Gardeners work with their hands in the soil and their eyes on the horizon. For the last two weeks I've been watching the hedgerows and roadsides begin to swell and fill out. It starts with the dying back of the daffodils towards the end of March. If you're lucky and live in a Labour controlled local authority, or within a competitive Britain in Bloom area, you'll probably have lots of daffs planted up along major roads and at the entry points to towns and villages. If not, you probably live in Swindon. Once the daffs die back, there's usually a pause when the roadsides look unusually plain and green and empty. Then the dandelions appear, gaudily, brashly, dazzlingly yellow. After the tall, graceful swaying of the daffs, these solid lumps of colour always make me think of Caddie, her Englishness, her plain loveliness.
The dandelions give way to their time clocks, then the hedges and verges start to gear themselves up for the main event, the appearance of hawthorn blossom and cow parsley. Huge, frothy whiteness spews out into the roads and every journey becomes a visual delight of sunshiny, English countryside in May boskiness. Full with potential, heavenly colours of white and green, the highways and bye-ways reflect all the hopes and joys of a lovely summer to come. May is without doubt the best time to be in England. Because between Shrove Tuesday and the end of June we don't go across to France. We stay in England, finish up the last of the French supplies in the pantry, and wait out the end of terms, end of exams. The uniforms are laundered and hung up until autumn, and then we depart for France. And during this time we hunger for proper French baguettes; tooth-crackingly crunchy French sticks that we start eating as we turn from the till; bread so crunchy you want to get home and dollop it with cherry jam, or smear it with red President butter; maybe a slick of yesterday's rillettes, adding a few cornichon, an olive perhaps. If I'm feeling fancy, I'll drizzle some olive oil and balsamic into shallow bowls and dip away. All this from the burgeoning English countryside.
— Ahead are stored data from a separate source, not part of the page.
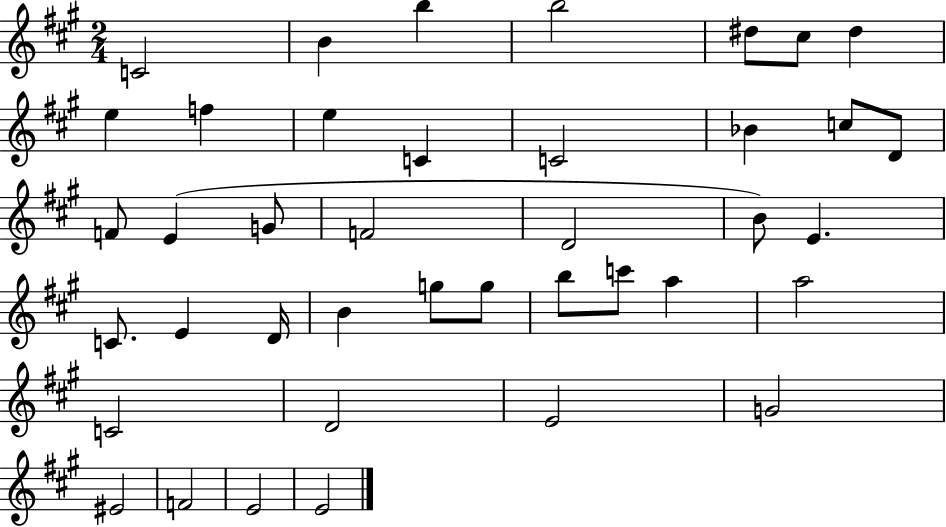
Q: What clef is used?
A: treble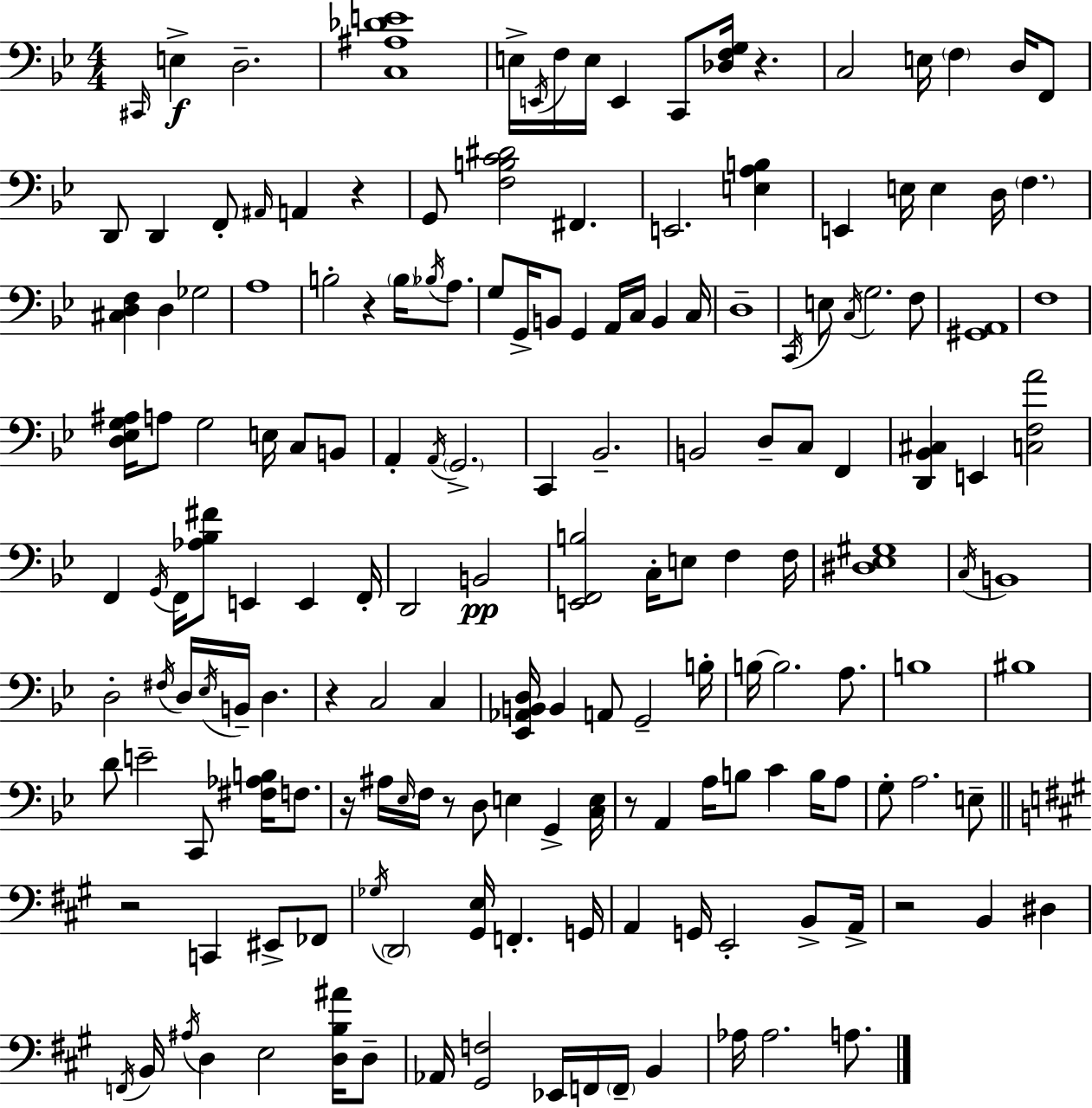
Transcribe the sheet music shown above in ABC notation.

X:1
T:Untitled
M:4/4
L:1/4
K:Gm
^C,,/4 E, D,2 [C,^A,_DE]4 E,/4 E,,/4 F,/4 E,/4 E,, C,,/2 [_D,F,G,]/4 z C,2 E,/4 F, D,/4 F,,/2 D,,/2 D,, F,,/2 ^A,,/4 A,, z G,,/2 [F,B,C^D]2 ^F,, E,,2 [E,A,B,] E,, E,/4 E, D,/4 F, [^C,D,F,] D, _G,2 A,4 B,2 z B,/4 _B,/4 A,/2 G,/2 G,,/4 B,,/2 G,, A,,/4 C,/4 B,, C,/4 D,4 C,,/4 E,/2 C,/4 G,2 F,/2 [^G,,A,,]4 F,4 [D,_E,G,^A,]/4 A,/2 G,2 E,/4 C,/2 B,,/2 A,, A,,/4 G,,2 C,, _B,,2 B,,2 D,/2 C,/2 F,, [D,,_B,,^C,] E,, [C,F,A]2 F,, G,,/4 F,,/4 [_A,_B,^F]/2 E,, E,, F,,/4 D,,2 B,,2 [E,,F,,B,]2 C,/4 E,/2 F, F,/4 [^D,_E,^G,]4 C,/4 B,,4 D,2 ^F,/4 D,/4 _E,/4 B,,/4 D, z C,2 C, [_E,,_A,,B,,D,]/4 B,, A,,/2 G,,2 B,/4 B,/4 B,2 A,/2 B,4 ^B,4 D/2 E2 C,,/2 [^F,_A,B,]/4 F,/2 z/4 ^A,/4 _E,/4 F,/4 z/2 D,/2 E, G,, [C,E,]/4 z/2 A,, A,/4 B,/2 C B,/4 A,/2 G,/2 A,2 E,/2 z2 C,, ^E,,/2 _F,,/2 _G,/4 D,,2 [^G,,E,]/4 F,, G,,/4 A,, G,,/4 E,,2 B,,/2 A,,/4 z2 B,, ^D, F,,/4 B,,/4 ^A,/4 D, E,2 [D,B,^A]/4 D,/2 _A,,/4 [^G,,F,]2 _E,,/4 F,,/4 F,,/4 B,, _A,/4 _A,2 A,/2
So clicking into a favourite blog, what should appear but a bread crust reminiscent of French baguettes. I followed the links to the original article in the New York Times, and followed the recipe. The results truly are amazing. Try this no-knead bread from New York. My bread came out of the oven stuck to the dish, so maybe I'll run a butter paper over the base just before dropping in the bread/batter. But for a bread with that authentic, crunchy crust, this is almost as good as the real thing.